Pèlerinage en Terre Sainte, jour 4 : autour du Lac de Tibériade

Récit : Guillaume
Photos : groupe Elie

Après notre première nuit à Nazareth chez les Clarisses, cette nuit réparatrice qui nous a fait merveilleusement profiter du luxueux plaisir des lits après l’austérité du désert, après le traditionnel petit-déjeuner pita-nutella, nous reprenons notre car pour nous rendre à Kursi. Cette vieille église monastique du début du VIe siècle, située au pied du Golan (à l’est du Lac de Tibériade) a été édifiée sur le lieu où Jésus a guéri un homme en le délivrant d’un démon, renvoyant celui-ci dans un troupeau de porcs qui s’en jetèrent du haut d’une falaise. Après un long partage de ce texte, riche en remarques et questions venant de chacun de nous, après l’explication d’Alain sur ce qu’étaient les Stylites (ces moines qui restaient des années en haut d’une colonne), nous avons à rattraper le retard !

matin

En effet, nous étions attendus pour 11h00 au Mont des Béatitudes, au Nord-Ouest du Lac de Tibériade (ou Mer de Galilée). Nous reprenons notre car pour faire la route. Bien qu’arrivés assez tard au Monastère du Mont des Béatitudes, essuyant les remontrances de la sœur particulièrement remontée suite à notre retard, nous parvenons tout de même à célébrer la messe de la Primauté de Pierre. Quelle n’est pas notre émotion et notre joie à proclamer ce texte des Béatitudes, si beau, sur ce lieu si chargé de sens, avec cette vue imprenable, depuis les jardins magnifiques, sur la Mer de Galilée.

Ensuite, il est temps de prendre le large ! Eh oui ! Nous partons en bateau (hissez Ho !), tels les apôtres partant à la pêche. Ce moment maritime nous permet de profiter d’une vue splendide sur Capharnaüm et les côtes, et d’un peu de fraicheur (bien relative). Le moteur du bateau coupé, le silence et le calme revenus, bien installés à l’ombre, nous flottons paisiblement au milieu du lac. Les conditions sont alors réunies pour un temps de méditation, mené avec une telle douceur et une telle profondeur par Sœur Monica, que certains d’entre nous ne peuvent résister à la technique de la méditation dite « du sommeil »… Bon, la chaleur, plus la fatigue, plus le doux tangage du bateau en arrivent bien à bout de nous. (Le Christ lui-même ne dormait-il pas sur le bateau, tandis que la tempête faisait rage ?…) Cependant nous parvenons à méditer une demi-heure durant sur ce passage de la Tempête apaisée.
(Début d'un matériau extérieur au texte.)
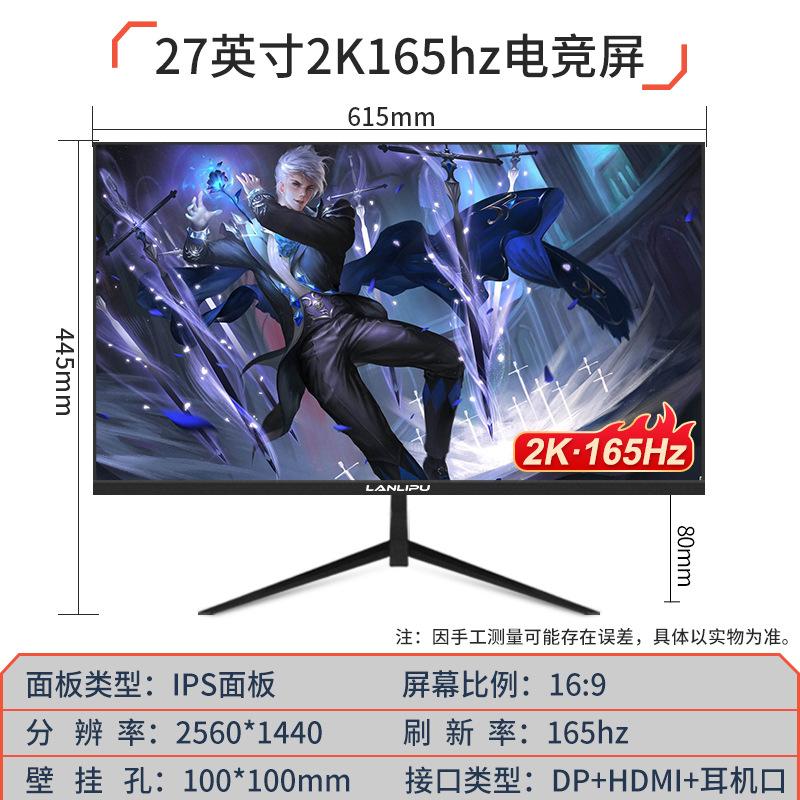 22インチ24インチ27インチコンピュータディスプレイIPS eコマースフレームなし2K4Kゲーム144hz 165hzストレート/曲スクリーン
Nous nous accordons une petite pause pour déjeuner, avant de rejoindre Capharnaüm, au nord de la mer. Ce qui est aujourd’hui le reste d’un petit village, était pourtant une cité importante à l’époque du Christ ; en effet elle était au centre de grandes routes commerciales, à la frontière de différentes régions. Le site, aujourd’hui gardé par un couvent franciscain, comprend principalement la maison de Saint Pierre et la Synagogue. Cette maison était donc celle où vivait l’apôtre Pierre, mais aussi l’endroit où se réunissaient régulièrement les Douze autour du Christ ; c’est là notamment que Jésus guérit le paralytique, en demandant à le faire passer, sur son brancard, à travers le toit de la maison. (Faut-il imaginer la tête de Pierre en train de voir sa maison se faire à moitié démolir par la foule ?…) De la maison il ne reste seulement quelques rangées de pierres, qu’entourent les murs de l’église octogonale (construite dans les premiers siècles après J-C). Et par-dessus, comme en lévitation, se trouve l’église actuelle, datant de la fin du 20e siècle. (D’aucuns l’appellent l’OVNI, à cause de sa forme…) La synagogue que l’on voit aujourd’hui est en fait celle datant du 5e siècle, mais elle est construite juste sur celle de l’époque du Christ, où l’on imagine facilement Jésus y enseignant ou y lisant la Torah. Après quelques temps d’enseignement par le Père Bruno sur le texte du Pain de Vie (que Jésus avait lui-même prononcé en ce lieu) nous devons quitter les lieux. « On ferme ! ON FEEERME !!! » Le message avait l’avantage d’être clair. (Vous remarquerez cependant que le message a été ici traduit en français, pour une meilleure compréhension du lecteur, ndlr).

Il ne nous reste plus alors qu’à reprendre le car, pour retourner chez les Clarisses de Nazareth.